Kenapa demikian? Karena kalau kita bicara good governance itu kan adanya
di badan publik, atau di pusat-pusat pemerintahan. Dulu kan tertutup
sekali itu semua. Kalau masyarakat meminta sesuatu (informasi) pada Masa
Orba, ada dua kemungkinan yang akan terjadi. Pertama kita dihilangkan,
atau kedua, pertanyaan masyarakat akan dijawab dengan jawaban “itu
rahasia negara.” Itu situasi di masa Orde Baru kan. Ibaratnya, masa mau
nanya berapa harga kopi aja jawabannya itu rahasia negara sih.
Jadi
sebenarnya alam saat ini sebenarnya sudah sangat mendukung terjadinya
good governance, alam saat ini telah membawa yang namanya keterbukaan
informasi, transparansi, akuntabilitas. Dan di era sekarang itu menjadi
suatu keharusan. Ini kalau kita bicara konteks ideologi. Sekarang kita
lihat, bahwa didalam konteks ideologi besar di dunia ini, setelah the
wind of change (judul lagu Scorpion), tembok Berlin runtuh, menghasilkan
dua mazhab. Negara yang menganut mazhab demokrasi, dan negara yang
menganut tidak ada demokrasi tapi ekonominya meningkat. Contoh negara
yang mengambil mazhab demokrasi ya kita, juga Amerika. Sementara mazhab
ekonomi yang penting kesejahteraan rakyatnya meningkat itu tidak peduli
apakah mau tertutup, mau terbuka, masa bodoh, itu seperti yang dilakukan
China dan kawan-kawan. Nah, dua mazhab itu yang selalu berbenturan.

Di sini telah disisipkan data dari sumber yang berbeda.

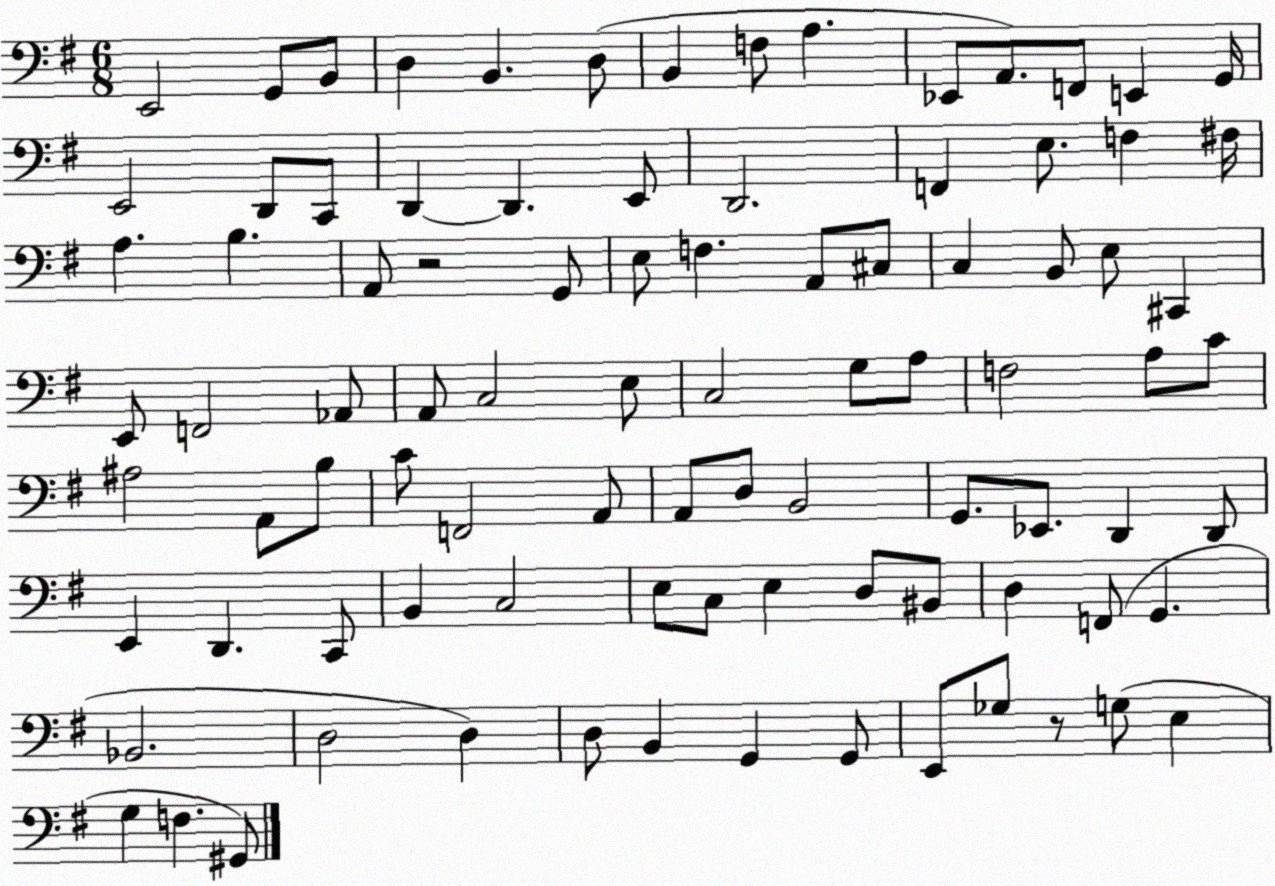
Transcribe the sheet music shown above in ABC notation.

X:1
T:Untitled
M:6/8
L:1/4
K:G
E,,2 G,,/2 B,,/2 D, B,, D,/2 B,, F,/2 A, _E,,/2 A,,/2 F,,/2 E,, G,,/4 E,,2 D,,/2 C,,/2 D,, D,, E,,/2 D,,2 F,, E,/2 F, ^F,/4 A, B, A,,/2 z2 G,,/2 E,/2 F, A,,/2 ^C,/2 C, B,,/2 E,/2 ^C,, E,,/2 F,,2 _A,,/2 A,,/2 C,2 E,/2 C,2 G,/2 A,/2 F,2 A,/2 C/2 ^A,2 A,,/2 B,/2 C/2 F,,2 A,,/2 A,,/2 D,/2 B,,2 G,,/2 _E,,/2 D,, D,,/2 E,, D,, C,,/2 B,, C,2 E,/2 C,/2 E, D,/2 ^B,,/2 D, F,,/2 G,, _B,,2 D,2 D, D,/2 B,, G,, G,,/2 E,,/2 _G,/2 z/2 G,/2 E, G, F, ^G,,/2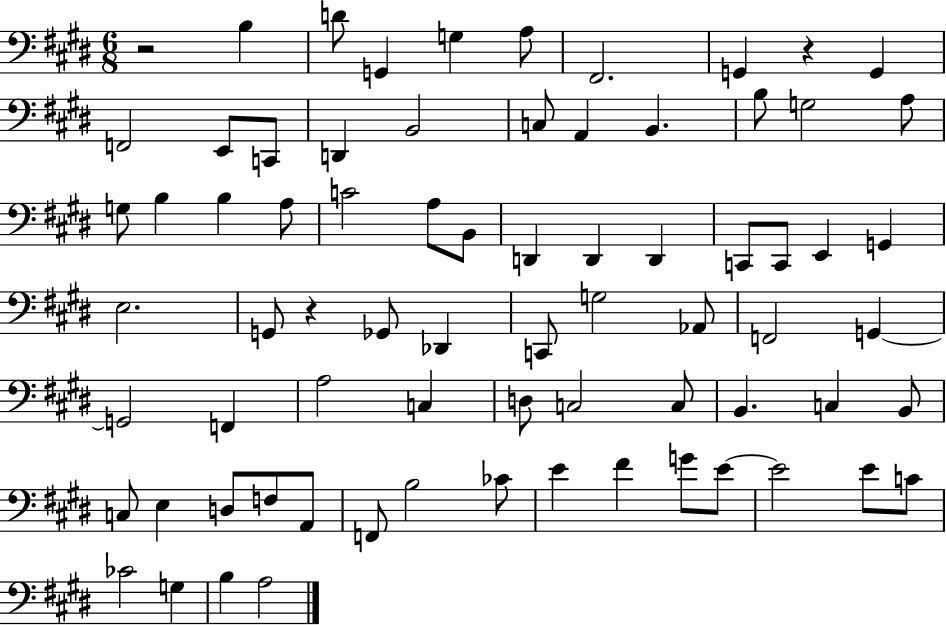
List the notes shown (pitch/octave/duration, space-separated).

R/h B3/q D4/e G2/q G3/q A3/e F#2/h. G2/q R/q G2/q F2/h E2/e C2/e D2/q B2/h C3/e A2/q B2/q. B3/e G3/h A3/e G3/e B3/q B3/q A3/e C4/h A3/e B2/e D2/q D2/q D2/q C2/e C2/e E2/q G2/q E3/h. G2/e R/q Gb2/e Db2/q C2/e G3/h Ab2/e F2/h G2/q G2/h F2/q A3/h C3/q D3/e C3/h C3/e B2/q. C3/q B2/e C3/e E3/q D3/e F3/e A2/e F2/e B3/h CES4/e E4/q F#4/q G4/e E4/e E4/h E4/e C4/e CES4/h G3/q B3/q A3/h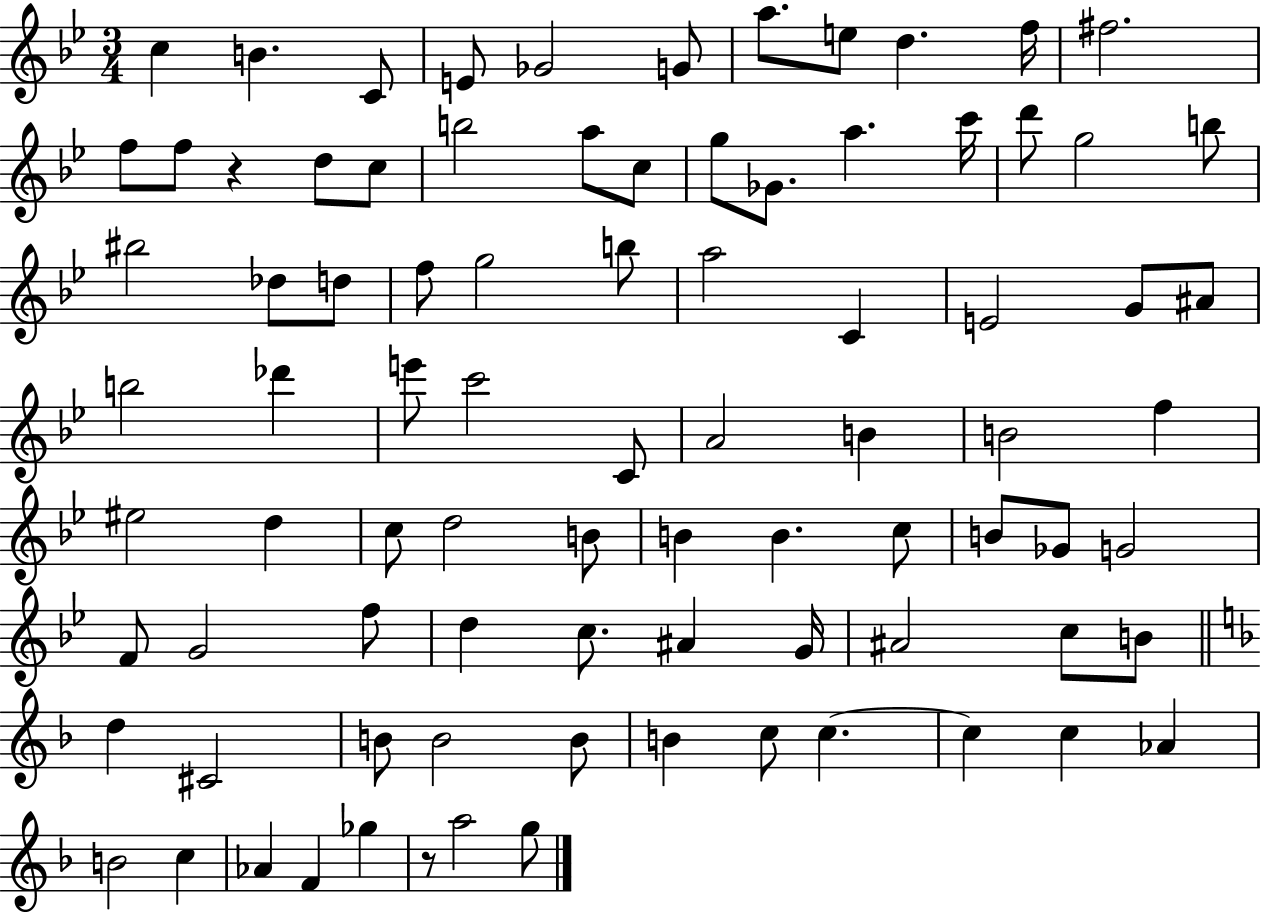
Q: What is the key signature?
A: BES major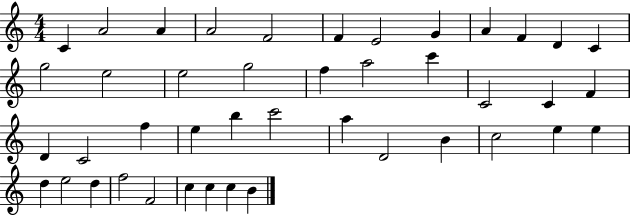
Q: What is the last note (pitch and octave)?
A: B4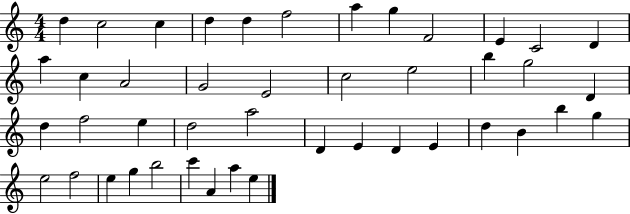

Jadi apa yang diharapkan publik dalam hal transparansi informasi?
Pada
saat undang-undang ini dilahirkan, undang-undang ini kan memiliki
filosofi. Filosofinya apa? Bahwa informasi adalah suatu kebutuhan, suatu
hak asasi manusia. Itu landasan pertamanya. Landasan kedua adalah,
negara kita menganut mazhab demokrasi. Di dalam mengambil mazhab
demokrasi, maka informasi menjadi suatu keharusan. Harus transparan.